Details on Towers Watson US employers survey
The 2015 TW US employers survey highlights that since 2005, U.S. firms have fully funded their bonus pools on only two occasions.
The report also determined that 30% of employers plan to give bonuses to employees who do not meet performance expectations, which is the lowest possible performance ranking. While a large number of firms give the same payout to every employee regardless of their individual performance, other employers that pay bonuses to employees with the lowest rating pay them around 65% of their bonus target payout on average. On the other hand, the survey data shows that employees who exceed performance expectations will on average earn bonuses close to 19% higher than the target amount.
The TW survey also found the number of US employers with problems holding onto critical-skill employees has increased notably two years. In fact, over half of respondents (52%) are reporting difficulties in keeping critical-skill employees, compared with 41% reporting this as a problem in 2013.
Related to this, a solid 66% of employers reported having difficulties attracting critical-skill employees. This figure has stabilized over the last couple of years after rising steadily since the end of the recession. The report authors note this trend is turning around as talent mobility is increasing.
More than 53% of survey respondents said hiring activity is up relative to last year, while around 40% noted that turnover is increasing.

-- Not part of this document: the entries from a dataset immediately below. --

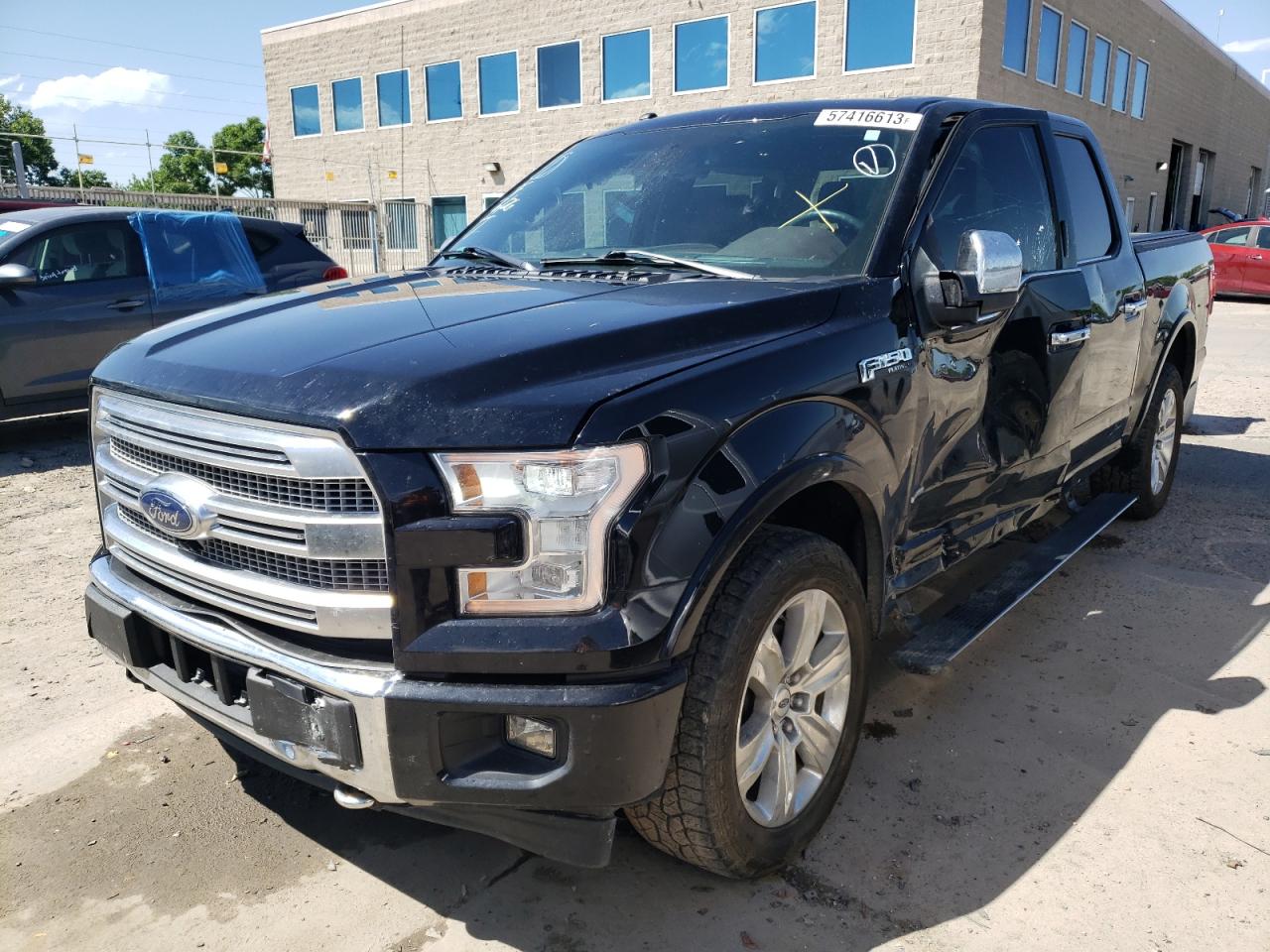 2017 FORD F150 SUPERCREW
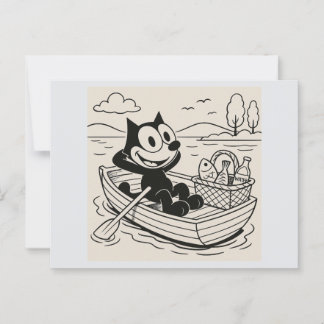 Carte Postale Pique-nique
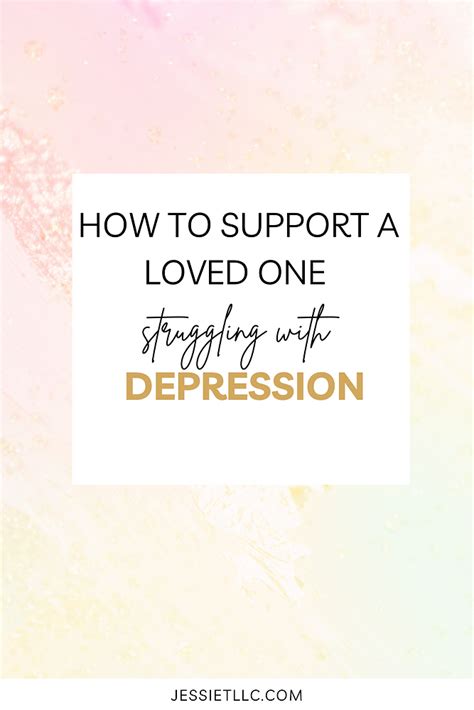 How To Support A Loved One Struggling With Depression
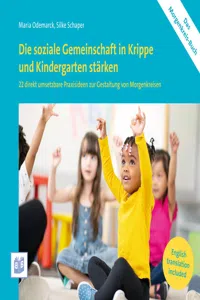 Die soziale Gemeinschaft in Krippe und Kindergarten stärken_cover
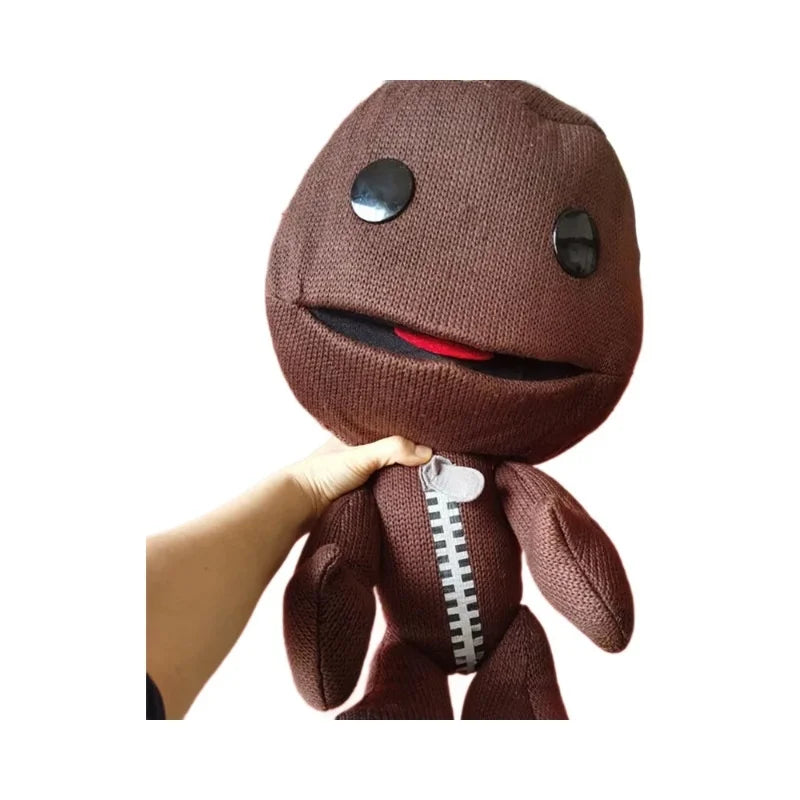 Little Big Planet Sackboy 60cm Funny Cute Big Plush Stuffed Toy Doll Game Related Toys Birthday Kids Friends Gift
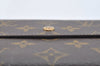 Authentic Louis Vuitton Monogram Porte Tresor International M61215 Wallet K4445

Statement from Towers Watson
“Employers are continuing to take a conservative approach to funding their bonus pools,” explained Laura Sejen, a managing director at Towers Watson, who also points out that funding for incentive pools is almost always related to a firm’s financial performance. “While most incentive programs are designed to recognize and reward employees for individual performance, the fact that some companies continue to deliver substantial bonuses to weak performers raises questions as to whether they are investing their bonus dollars as effectively as possible or truly holding workers accountable for performance.”